YOUR TASK
Leaving out all pictures, give again each line exactly, from the start of the listing through the line that contains "Turkish Gypsy Bib".

*** PROVIDED RECORDS Section Begins ***

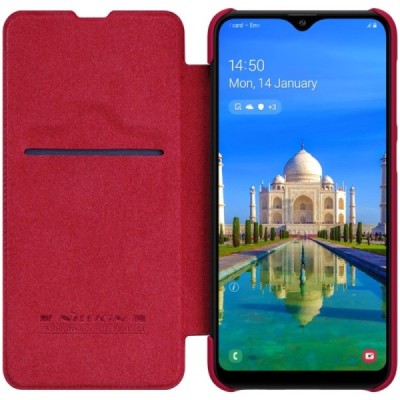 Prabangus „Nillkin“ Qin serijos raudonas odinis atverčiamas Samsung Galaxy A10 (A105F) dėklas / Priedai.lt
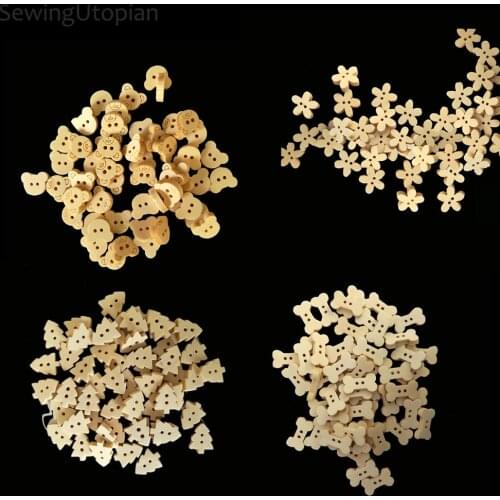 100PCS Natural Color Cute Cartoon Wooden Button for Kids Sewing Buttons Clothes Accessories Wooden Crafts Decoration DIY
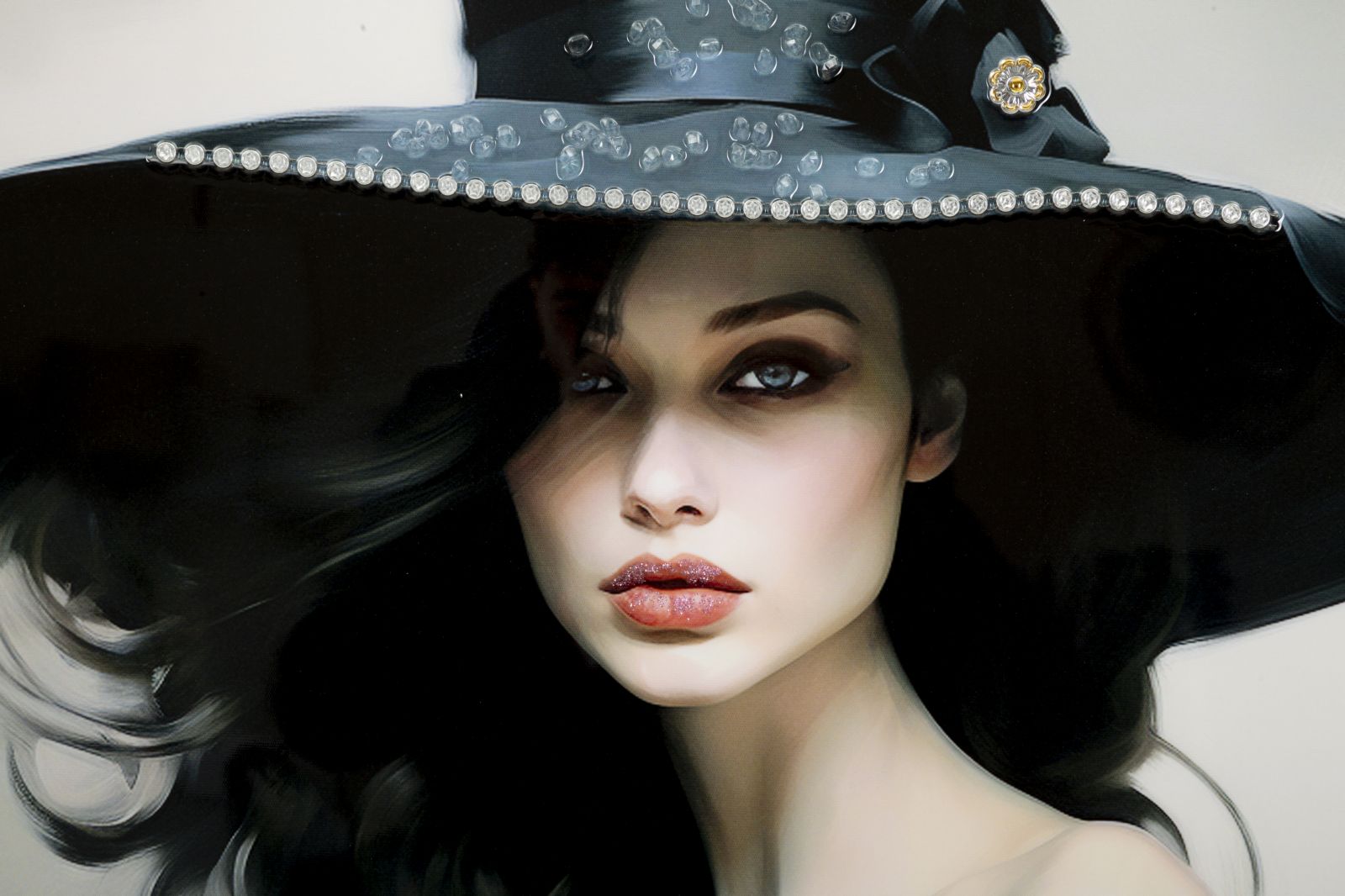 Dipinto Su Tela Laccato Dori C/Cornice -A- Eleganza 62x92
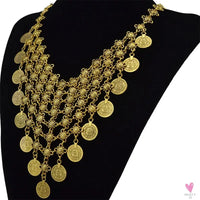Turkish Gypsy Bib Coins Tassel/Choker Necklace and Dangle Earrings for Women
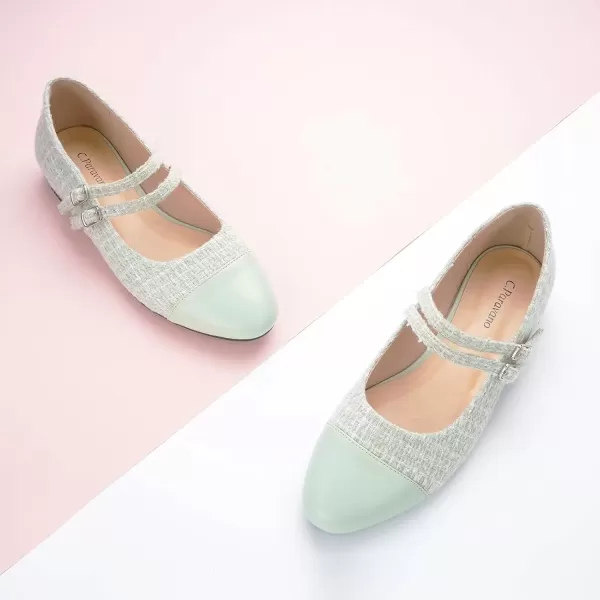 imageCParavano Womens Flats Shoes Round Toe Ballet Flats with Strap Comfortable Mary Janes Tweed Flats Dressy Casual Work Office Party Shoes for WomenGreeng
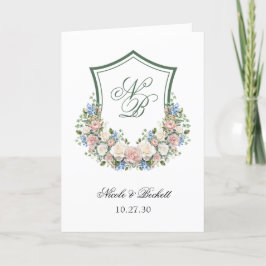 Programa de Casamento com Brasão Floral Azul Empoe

*** PROVIDED RECORDS Section Ends ***

OUTPUT BELOW
 Prabangus „Nillkin“ Qin serijos raudonas odinis atverčiamas Samsung Galaxy A10 (A105F) dėklas / Priedai.lt
 100PCS Natural Color Cute Cartoon Wooden Button for Kids Sewing Buttons Clothes Accessories Wooden Crafts Decoration DIY
 Dipinto Su Tela Laccato Dori C/Cornice -A- Eleganza 62x92
Turkish Gypsy Bib Coins Tassel/Choker Necklace and Dangle Earrings for Women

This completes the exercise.